In full and without alteration, print the records below, minus any images.
########
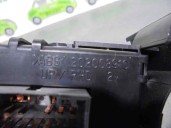 Recambio de mando luces para kia soul ( ) 1.6 gdi cat referencia OEM IAM 202008910 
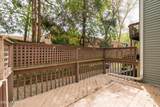 1 Central Avenue - Photo 13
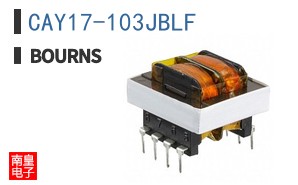 CAY17-103JBLF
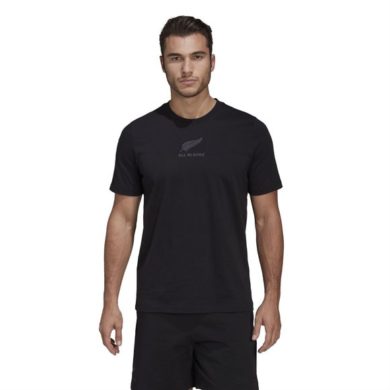 adidas-2022-maori-all-blacks-lifestyle-t-shirt-mens продажа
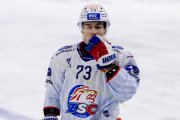 AJOIE - ZSC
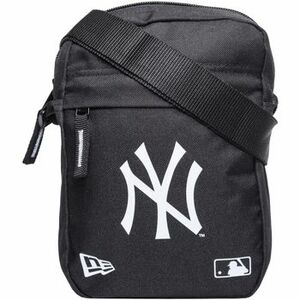 Vrecúška/Malé kabelky New-Era MLB New York Yankees Side Bag vyobraziť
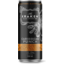 Photo of The Kraken Black Spiced Caribbean Punch Can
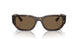 W65673 - Brown - Dark Brown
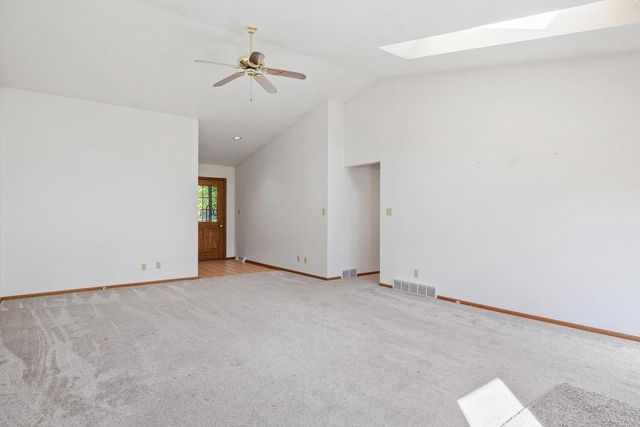 N5037 Big Bend LANE, Sheboygan Falls, WI 53085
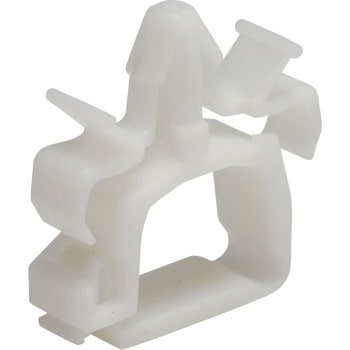 CVC8-10 �������݌^�Œ�� �P�[�u���p�N�����v TRUSCO 39294789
########
> [Solution below]
 Recambio de mando luces para kia soul ( ) 1.6 gdi cat referencia OEM IAM 202008910 
 1 Central Avenue - Photo 13
 CAY17-103JBLF
 adidas-2022-maori-all-blacks-lifestyle-t-shirt-mens продажа
 AJOIE - ZSC
 Vrecúška/Malé kabelky New-Era MLB New York Yankees Side Bag vyobraziť
 Photo of The Kraken Black Spiced Caribbean Punch Can
 W65673 - Brown - Dark Brown
 N5037 Big Bend LANE, Sheboygan Falls, WI 53085
 CVC8-10 �������݌^�Œ�� �P�[�u���p�N�����v TRUSCO 39294789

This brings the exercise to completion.